JAKARTA, sp-globalindo.co.id – Juru bicara Solidaritas Hakim Indonesia (SHI) Fauzan Arrasij mengatakan Peraturan Pemerintah 44 (PP) 2024 yang mengatur tentang kenaikan tunjangan hakim tidak menyelesaikan permasalahan.
“PP Nomor 44 Tahun 2024 merupakan langkah awal menuju kenaikan tunjangan ketenagakerjaan sebesar 40%. Namun, masih ada permasalahan besar lainnya yang belum terselesaikan,” kata Fauzan saat konferensi pers virtual, Selasa (22/). Oktober 2024).
Alasan pertama, PP Nomor 44 Tahun 2024 hanya menyebutkan kenaikan status, sedangkan sembilan komponen hak keuangan lainnya tidak diatur.
Komponen yang tidak diatur antara lain gaji pokok, perumahan, transportasi, asuransi kesehatan, asuransi keamanan, pendapatan pensiun dan tunjangan lainnya.
Baca juga: Jokowi Tandatangani Kenaikan Gaji dan Tunjangan Hakim Jelang Pensiun
Kedua, masih adanya ketimpangan tunjangan sosial, khususnya pada kasus hakim tingkat 1 pengadilan tingkat II kabupaten/kota.
“Hakim pada tingkat ini menghadapi tantangan yang lebih berat, dan kebijakan yang ada saat ini tidak efektif dalam mengatasi ketidakadilan ini,” katanya.

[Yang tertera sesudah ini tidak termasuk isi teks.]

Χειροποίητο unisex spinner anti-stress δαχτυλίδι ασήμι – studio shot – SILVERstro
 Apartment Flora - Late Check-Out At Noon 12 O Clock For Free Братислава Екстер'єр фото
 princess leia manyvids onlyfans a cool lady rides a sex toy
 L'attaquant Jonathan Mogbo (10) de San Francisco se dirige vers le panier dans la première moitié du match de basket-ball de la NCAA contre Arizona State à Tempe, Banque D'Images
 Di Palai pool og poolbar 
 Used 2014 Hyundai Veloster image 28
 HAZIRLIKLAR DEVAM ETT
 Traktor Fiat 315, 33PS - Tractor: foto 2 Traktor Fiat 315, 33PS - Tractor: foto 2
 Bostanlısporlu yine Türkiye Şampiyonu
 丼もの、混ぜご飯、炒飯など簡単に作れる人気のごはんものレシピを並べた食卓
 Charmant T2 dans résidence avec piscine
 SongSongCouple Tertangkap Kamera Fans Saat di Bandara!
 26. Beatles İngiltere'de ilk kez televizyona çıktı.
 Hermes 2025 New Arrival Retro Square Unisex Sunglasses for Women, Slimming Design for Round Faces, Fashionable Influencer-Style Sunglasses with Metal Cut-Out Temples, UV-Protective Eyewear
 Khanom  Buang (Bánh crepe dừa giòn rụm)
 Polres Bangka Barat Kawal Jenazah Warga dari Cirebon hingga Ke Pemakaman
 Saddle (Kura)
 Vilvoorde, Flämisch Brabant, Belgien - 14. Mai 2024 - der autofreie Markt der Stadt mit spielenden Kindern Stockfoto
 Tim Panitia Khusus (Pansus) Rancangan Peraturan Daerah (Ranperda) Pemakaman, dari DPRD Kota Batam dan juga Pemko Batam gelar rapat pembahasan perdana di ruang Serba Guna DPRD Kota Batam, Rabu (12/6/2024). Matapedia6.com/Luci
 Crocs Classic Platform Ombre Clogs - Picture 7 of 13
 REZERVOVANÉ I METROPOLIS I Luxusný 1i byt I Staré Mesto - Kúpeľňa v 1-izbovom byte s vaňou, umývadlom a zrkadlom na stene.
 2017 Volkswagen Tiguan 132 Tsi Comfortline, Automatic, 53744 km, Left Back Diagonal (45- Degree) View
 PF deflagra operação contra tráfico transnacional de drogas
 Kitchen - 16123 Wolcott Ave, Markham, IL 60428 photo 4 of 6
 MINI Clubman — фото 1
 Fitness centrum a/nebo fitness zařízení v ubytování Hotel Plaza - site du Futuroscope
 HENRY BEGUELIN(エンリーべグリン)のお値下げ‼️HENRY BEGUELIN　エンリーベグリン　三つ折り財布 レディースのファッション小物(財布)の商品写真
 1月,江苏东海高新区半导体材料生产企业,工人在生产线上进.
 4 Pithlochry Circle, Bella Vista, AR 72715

Ketiga, Fauzan juga menyoroti putusan MA Nomor 23P/HUM/2018 yang mengatur pemisahan gaji pokok dan pensiun hakim dengan Aparatur Sipil Negara (ASN).
“Pemerintah hanya fokus pada deregulasi dan bukan pada nominal tanggung jawab hakim,” kata Fauzan.
Baca juga: Serikat Hakim Berharap Prabowo Dapat Kenaikan Gaji di 100 Hari Pertama
Solidaritas Hakim Indonesia juga mengecam sikap tertutup pemerintah dalam penyusunan PP 44/2024.
Menurut Fauzan, kebijakan tersebut tidak menjamin partisipasi aktif hakim di bidang tersebut, sehingga hasilnya tidak mencerminkan keadaan sebenarnya yang dihadapi hakim di seluruh Indonesia.
Ia mengatakan: “Selama 12 tahun terakhir, belum ada penyesuaian untuk menambah jumlah hakim. Secara khusus, hakim yang bekerja di garis depan di pengadilan kelas II di daerah terpencil adalah pihak yang paling menderita.”
Oleh karena itu, KSS akan terus memperjuangkan sejumlah permintaan Pemerintah, termasuk regulasi mengenai seluruh hak keuangan dan hak milik hakim.
Selanjutnya, menuntut peninjauan kembali RUU Kehakiman hingga disahkan menjadi undang-undang, dan mendukung penyusunan RUU Penghinaan terhadap Pengadilan untuk melindungi peradilan dan martabat hakim.
“Kami juga telah mengatur agar pemerintah menjamin keselamatan hakim dan keluarganya,” kata Fauzan.
Ditegaskan, perjuangan ini bukan hanya soal angka, tunjangan, dan upah. Namun hal ini menyangkut kehormatan dan martabat setiap hakim yang bekerja demi keadilan.